It is a matter of going to war with the software you have, not the software you wish you have. SpamAssassin allows you to do plug-n-play logic for tests, but for implementation reasons only accepts regular expressions. Those are Good Enough for most email filtering tasks, very flexible, and have fairly predictable security and resource consequences. This is the architecture that lets spam assassins subject an email to literally hundreds of tests (though in fairness I think they're probably less efficient than just naive Bayesian but don't trust me, my anti-spam researcher days are almost three years in the rear view mirror at the moment) and evolve quickly with the quickly changing, particularized nature of the spam threat at any given installation.
Not to say that its optimal -- it is not -- but there is a reason it is done that way as opposed to having a fully executable plugin architecture which would have access to your date parsing library of choice.
If you look at the bug it's not a problem caused by using regular expressions as such, but rather by the choice of date to be "grossly in the future" (ie. so far in to the future that it couldn't be a legitimate date at the time the software is running).
The regex was chosen to match 2010 to 2099, which it did just fine.
So problem wasn't in choosing to use regex's but in choosing 2010 as the date. I'm sure that date was "grossly in the future" at some point (probably when the regex was first written), but obviously we are living in the future now and need the date to be moved forward.
I don't see why. The heuristic here was fine (is the date too far in the future?), and not part of the problem. The bug was in the implementation of the heuristic ("any date after 2010 is too far in the future").

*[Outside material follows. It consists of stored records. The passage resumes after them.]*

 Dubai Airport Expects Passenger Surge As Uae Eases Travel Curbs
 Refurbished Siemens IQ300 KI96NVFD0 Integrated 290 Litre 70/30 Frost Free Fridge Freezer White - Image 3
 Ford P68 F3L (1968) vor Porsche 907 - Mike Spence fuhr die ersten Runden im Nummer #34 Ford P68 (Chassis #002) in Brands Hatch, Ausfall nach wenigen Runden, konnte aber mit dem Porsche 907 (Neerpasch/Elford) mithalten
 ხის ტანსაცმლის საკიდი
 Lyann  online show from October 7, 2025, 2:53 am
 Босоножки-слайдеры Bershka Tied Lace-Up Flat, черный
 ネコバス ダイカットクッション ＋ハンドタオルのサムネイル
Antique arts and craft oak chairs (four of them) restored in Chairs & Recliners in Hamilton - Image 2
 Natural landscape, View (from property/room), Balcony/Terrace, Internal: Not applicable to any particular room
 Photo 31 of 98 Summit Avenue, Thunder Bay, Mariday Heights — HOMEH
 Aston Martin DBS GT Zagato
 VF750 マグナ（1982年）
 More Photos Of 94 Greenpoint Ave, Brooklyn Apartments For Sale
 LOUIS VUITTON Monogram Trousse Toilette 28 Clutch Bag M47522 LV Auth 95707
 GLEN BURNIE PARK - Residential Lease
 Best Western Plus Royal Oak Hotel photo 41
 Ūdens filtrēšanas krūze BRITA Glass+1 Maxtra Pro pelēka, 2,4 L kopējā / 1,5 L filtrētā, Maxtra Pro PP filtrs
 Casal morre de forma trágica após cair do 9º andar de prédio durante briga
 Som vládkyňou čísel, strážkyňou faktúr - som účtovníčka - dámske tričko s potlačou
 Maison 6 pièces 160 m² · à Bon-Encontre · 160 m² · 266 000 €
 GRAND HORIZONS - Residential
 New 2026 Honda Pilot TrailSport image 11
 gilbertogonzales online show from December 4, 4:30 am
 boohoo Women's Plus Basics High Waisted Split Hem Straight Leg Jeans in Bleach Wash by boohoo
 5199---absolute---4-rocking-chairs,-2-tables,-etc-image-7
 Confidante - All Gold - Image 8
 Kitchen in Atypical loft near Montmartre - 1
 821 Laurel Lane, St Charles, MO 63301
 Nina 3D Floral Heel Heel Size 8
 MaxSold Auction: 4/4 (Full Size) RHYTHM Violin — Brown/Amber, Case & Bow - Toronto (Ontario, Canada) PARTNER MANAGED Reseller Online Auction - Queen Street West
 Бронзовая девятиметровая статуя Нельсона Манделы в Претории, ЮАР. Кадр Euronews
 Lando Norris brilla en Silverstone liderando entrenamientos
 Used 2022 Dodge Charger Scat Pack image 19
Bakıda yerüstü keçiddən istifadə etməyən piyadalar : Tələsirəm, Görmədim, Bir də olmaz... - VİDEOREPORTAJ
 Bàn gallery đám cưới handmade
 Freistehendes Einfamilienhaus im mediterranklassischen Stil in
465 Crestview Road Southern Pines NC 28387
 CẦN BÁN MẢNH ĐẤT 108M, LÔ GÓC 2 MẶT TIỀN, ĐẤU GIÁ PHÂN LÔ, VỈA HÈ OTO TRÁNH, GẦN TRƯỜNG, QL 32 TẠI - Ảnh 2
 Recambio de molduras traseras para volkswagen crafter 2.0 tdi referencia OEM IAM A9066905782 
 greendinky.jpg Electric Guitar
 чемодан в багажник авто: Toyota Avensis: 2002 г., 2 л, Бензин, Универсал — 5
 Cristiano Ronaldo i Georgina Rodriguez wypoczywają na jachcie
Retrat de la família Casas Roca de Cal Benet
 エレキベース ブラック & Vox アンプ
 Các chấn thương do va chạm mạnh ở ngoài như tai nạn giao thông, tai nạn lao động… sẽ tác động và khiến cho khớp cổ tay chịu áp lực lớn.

Maybe you're making a software maintainability argument instead? But clearly this doesn't make a good argument for classifiers vs. heuristics.
Is rule based spam filtering still helpful? Wouldn't a big default spam database + machine learning work much better instead of rules + an empty default spam database + machine learning?
The rules help a lot, especially in the early training of the bayes database. It's amazing how much stuff is still caught by them... Over time, the SA bayesian recognizer gets good enough that the rules play a relatively small role. I think I had no false positives from this little bug thanks to the bayesian counterweight.
A default database is a poor idea, though. One thing I've learned in helping folks with SA is that people get very different mixtures of spam and mail. I don't think you'd like my database at all. There's really no substitute for making your own...
Probably a lot of the effectiveness comes from getting user spam classification feedback. The same letter is generally mass-mailed, so the chance someone got and flagged the spam you got, before you check your mail, is pretty high.
Summary: FH_DATE_PAST_20XX matches on yars 2010-2099.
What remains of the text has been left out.